Article - March 8, 2013
With oil as its main economic lubricant, Kuwait focuses on maintaining good partner relations and safety and environmental standards
Thanks to new advances in extraction technologies, the government-owned Kuwait Gulf Oil Company (KGOC), a division of Kuwait Petroleum, is planning for a significant boost in its oil and natural gas output. 
 
Non-associated gas production is set to rise to 400 million cubic feet per day at the end of 2020 and climb to 500 million by the end of the following decade, while oil output should reach 350 million barrels per day in 2015 and stay at that level, more or less, until 2030. 
 
Yet to achieve these goals, equipment isn’t the only thing in need of periodic revision and upgrades, says KGOC’s Chairman and Managing Director, Hashim Mustafa Al-Rifaai. “We need better ways of dealing with our joint partnership. The framework we have for the current agreement is 60 years old, and we both agree it is high time to revise it again with modern norms, better expectations, clarity and transparency.”
 
Mr.
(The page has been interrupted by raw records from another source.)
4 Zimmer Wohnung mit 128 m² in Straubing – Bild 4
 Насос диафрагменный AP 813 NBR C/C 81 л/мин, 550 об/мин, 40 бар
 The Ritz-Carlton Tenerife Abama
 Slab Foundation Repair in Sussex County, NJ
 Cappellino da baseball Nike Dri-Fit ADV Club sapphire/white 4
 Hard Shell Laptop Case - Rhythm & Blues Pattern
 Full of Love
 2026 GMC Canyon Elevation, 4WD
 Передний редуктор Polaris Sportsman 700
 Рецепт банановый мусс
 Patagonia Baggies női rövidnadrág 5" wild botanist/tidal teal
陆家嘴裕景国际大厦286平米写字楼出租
Al-Rifaai is quick to add that this should not be taken as an indicator of divergent viewpoints with KGOC’s partner, the U.S. firm Chevron. 
 
“Working with a partner and not having a single operator is like having two bosses,” he says, but admits that it is easier going when the partners are in complete and emphatic agreement on key issues such as workplace safety and environmental safeguards. 
 
“Those two things are really primary for us. Safety is an absolute must. If it is not safe, you stop work. Safety includes environmental safety as well as protecting the communities that your work impacts on. We spend a lot of money on reducing our carbon footprint, and on conservation; and we are probably the country’s largest net contributor to social welfare organizations caring for the disabled or incapacitated.”
 
The KGOC chief says that his long-term goal is to leave behind a company that is recognized if not worldwide, at least within the region, as being a role model for how to work with a partner.
 
“I want to leave an organization that is based on meritocracy,” he says, “I think that has been the major endeavor during my tenure.”